Quest for the South Magnetic Pole

The Northern Party at the South Magnetic Pole. Photographer Douglas Mawson 1909. Courtesy Mawson Collection South Australian Museum

We recently posted about the centennial of Robert Falcon Scott‘s departure on his ill-fated expedition to reach the South Pole.   Now the Australian National Maritime Museum will host a new exhibit, the Quest for the South Magnetic Pole.    The quest to locate the magnetic pole is more challenging than I had ever imagined.   Apparently it can shift by as much as 200 km per day.  Fitting perhaps, Quest for the South Magnetic Pole is a travelling exhibition developed by the South Australian Maritime Museum and the South Australian Museum with support from Visions of Australia.  The exhibit will be on display from July 2nd to the tenth of October.

Quest for the South Magnetic Pole

An exhibition coming to the Australian National Maritime Museum shows how scientists and explorers have been racing to reach Earth’s South Magnetic Pole… and still haven’t quite got there.
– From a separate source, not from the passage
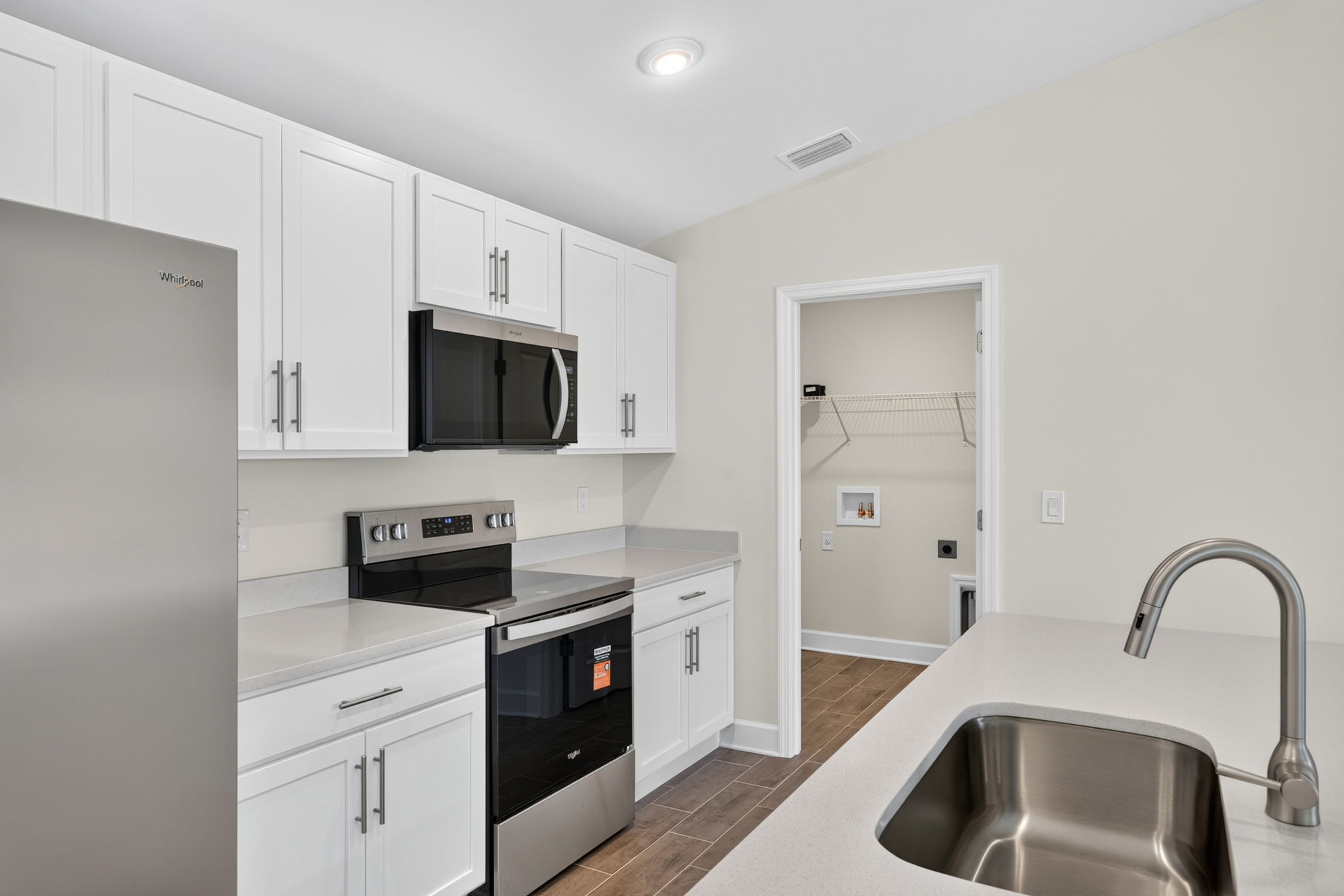 Kitchen 1 of 4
They’ve got exceedingly close recently, with Australians leading the way to a point within a couple of km of the goal.

Problem is, the pole keeps moving… sometimes leaping more than 200 km a day.
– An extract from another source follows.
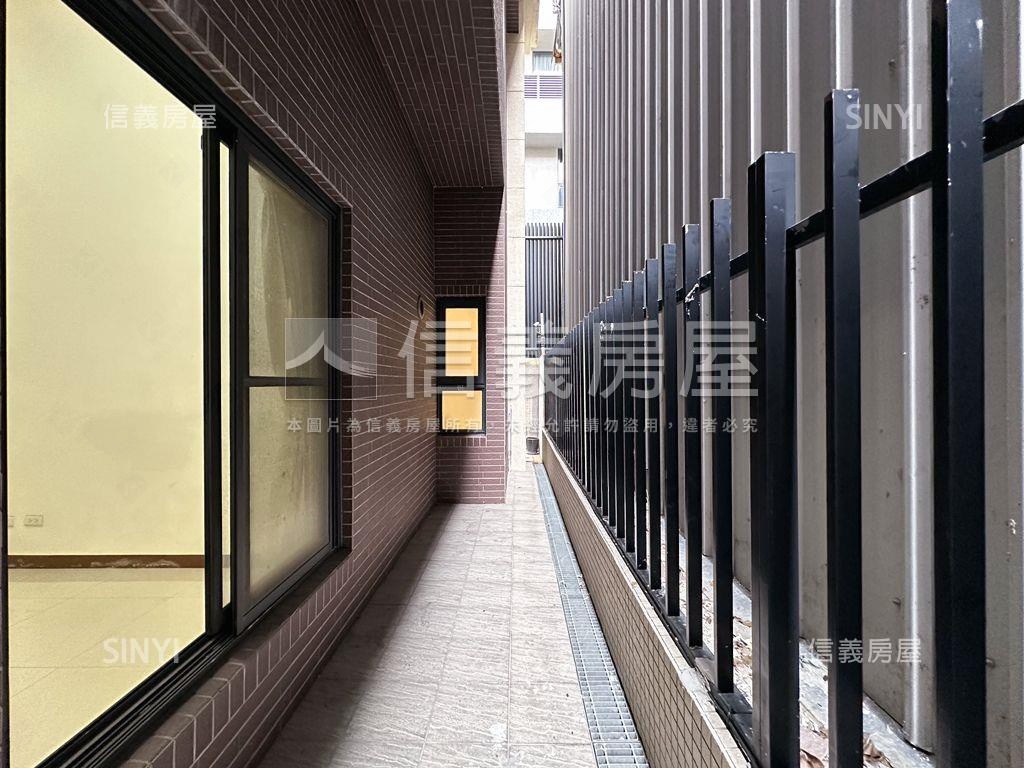 近高鐵挑高大兩房平移車位房屋室內格局與周邊環境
The exhibition Quest for the South Magnetic Pole traces one of the longest and most curious pursuits in exploration history.

Earth’s magnetic poles – the points where a free-moving compass needle stands exactly vertical to Earth’s surface (pointing down at the North Magnetic Pole, up at the South Magnetic Pole) – have lured explorers for centuries.

In 1600 the English physician William Gilbert deduced that Earth itself acts as one great magnet, governing the movement of man-made compasses.

Since then scientists have discovered that Earth’s magnetic field is caused by molten iron sluicing around in the planet’s core.

The molten iron flow patterns change constantly in response to Earth’s rotation and other influences, with the result that Earth’s magnetic field changes slowly and the magnetic poles drift gradually across the globe’s surface.

In the past 100 years, the South Magnetic Pole has drifted 1140 km in a north-westerly direction at an average rate of 11 km a year, taking it across the Antarctic continent and out to sea. If it continues in this direction, some say in about 300 years it could reach Adelaide.